東京大学新領域創成科学研究科メディカル情報生命専攻 2017年8月実施問題12

Author

Description

For two strings \(\mathbf{x} = x[1] \cdots x[n]\) and \(\mathbf{y} = y[1] \cdots y[m]\) of lengths \(n\) and \(m\) (\(n \geq 0, m \geq 0\)), we define the set of common subsequences as

\[ S = \left\{ \begin{pmatrix} i_1, \cdots, i_r \\ j_1, \cdots, j_r \end{pmatrix} \mid r: \text{positive integer}, \begin{matrix} 1 \leq i_1 < \cdots < i_r \leq n \\ 1 \leq j_1 < \cdots < j_r \leq m \end{matrix}, x[i_k] = y[j_k], k = 1, \cdots, r \right\} \]

Here, \(r\) represents the length of common subsequence \(\begin{pmatrix} i_1, \cdots, i_r \\ j_1, \cdots, j_r \end{pmatrix}\).

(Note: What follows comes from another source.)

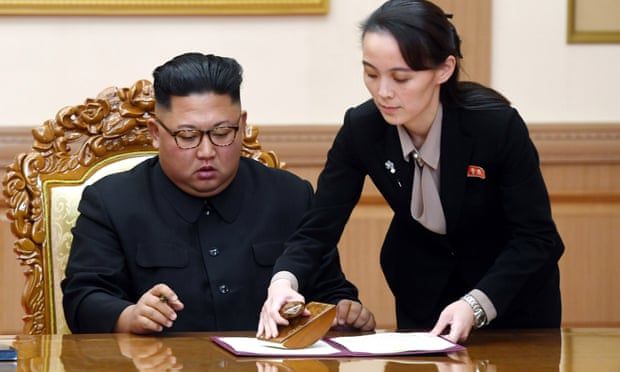 Kim Jong Un bersama saudarinya, Kim Yo Jong. Sumber foto: The Guardian.com/Association Press (AP)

Let \(l(x, y)\) denote the length of the longest common subsequences. If \(S = \emptyset\), we define \(l(x, y) = 0\).

(1) Let \(z_k^p\) and \(z_k^s\) denote the length-\(k\) prefix and suffix of string \(z\), respectively. We define \(\alpha[i, j] = l(x_i^p, y_j^p)\) and \(\beta[i, j] = l(x_{n-i+1}^s, y_{m-j+1}^s)\) for \(1 \leq i \leq n, 1 \leq j \leq m\). Describe a recurrence for computing \(\alpha[i, j]\) from \(\alpha[i-1, j-1]\), \(\alpha[i-1, j]\), and \(\alpha[i, j-1]\) when \(1 < i, 1 < j\). Also, describe a recurrence for computing \(\beta[i, j]\) from \(\beta[i+1, j]\), \(\beta[i, j+1]\), and \(\beta[i+1, j+1]\) when \(i < n, j < m\).

(2) Compute matrices \(\alpha\) and \(\beta\) for \(\mathbf{x} = \text{ACTGG}\) and \(\mathbf{y} = \text{ACACG}\).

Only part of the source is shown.